Jurist Dreier: Grundgesetz und Demokratie nicht in akuter Gefahr

Die Demokratie in Deutschland vor dem Ende? Der Würzburger Rechtsphilosoph Horst Dreier bleibt unaufgeregt. Manche Schwarzmalerei sei stark überzeichnet.

Der Jurist und Philosoph Horst Dreier sieht Rechtsstaat, Demokratie und Verfassung in Deutschland nicht im Grundsatz bedroht – auch nicht durch die AfD. “Manche malen da Dystopien an die Wand, vor allem bezüglich der Stärke der AfD. Das halte ich für stark übertrieben”, sagte Dreier der Zeitschrift “Christ in der Gegenwart” (Freitag). “Ich glaube nicht, dass die AfD in Thüringen eine Chance hat, 50 Prozent zu gewinnen.

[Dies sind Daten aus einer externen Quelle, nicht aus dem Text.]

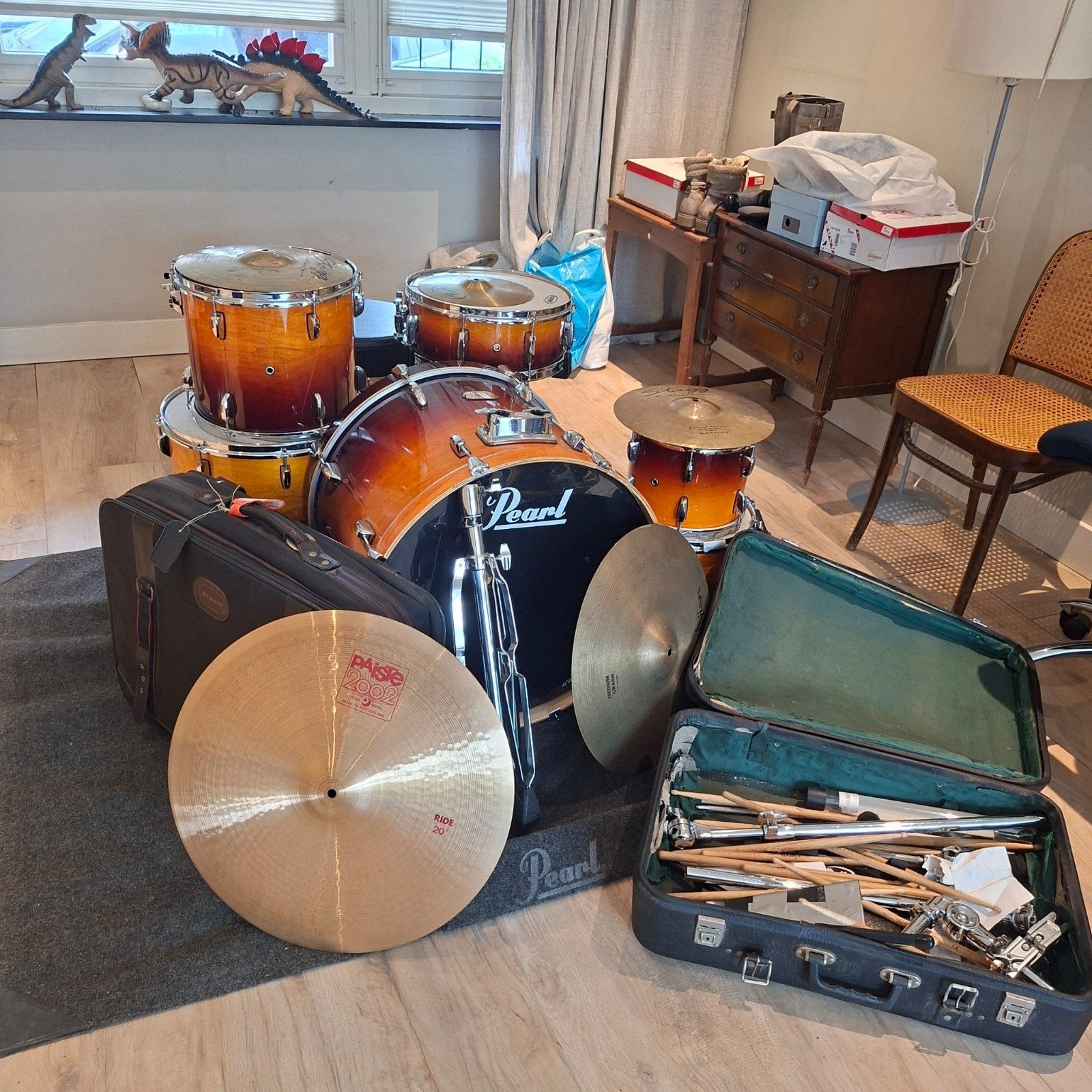 Pearl drumstel met speciale Paiste 2002 bekkens, Muziek en Instrumenten, Drumstellen en Slagwerk, Ophalen, Gebruikt, Pearl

Und ich glaube nicht, dass sie bundesweit eine Chance hat, auch nur 30 Prozent zu gewinnen.” Von einer Mehrheit der AfD sei die Bundesrepublik “zum Glück weit entfernt”.

Der 75. Jahrestag des Grundgesetzes in der kommenden Woche falle aber in unruhige Zeiten, sagte Dreier. “Wir waren beim 50-jährigen Verfassungsjubiläum doch alle vergleichsweise hoffnungsfroh, dass es mit der Demokratie weltweit aufwärts gehen würde.”

Die Grundrechte strahlten heute auf die gesamte Rechtsordnung aus. Zuletzt habe das Verfassungsgericht in seinem Urteil zum Klimaschutz sogar die Wirkung von politischen Entscheidungen auf die kommenden Generationen in die Urteilsfindung einbezogen. “Was wir heute aus den Grundrechten rauslesen, hätten sich die Mütter und Väter des Grundgesetzes 1949 bei der Verabschiedung des Grundrechtskatalogs keinesfalls träumen lassen.”

Der Würzburger Staatsrechtler beschrieb, in Deutschland sei es gelungen, das vor 75 Jahren in Kraft getretene Grundgesetz auch auf neue, sich verändernde Fragen und Verhältnisse anzuwenden. Die Wirkung der Grundrechte habe sich in den Jahrzehnten stark erweitert. Nicht so sehr durch Verfassungsänderungen, sondern vor allem durch die Rechtsprechung des Bundesverfassungsgerichts, sagte Dreier. “Man hat die Grundrechte extensiv ausgelegt, also ihren Schutzbereich so weit wie möglich ausgedehnt.”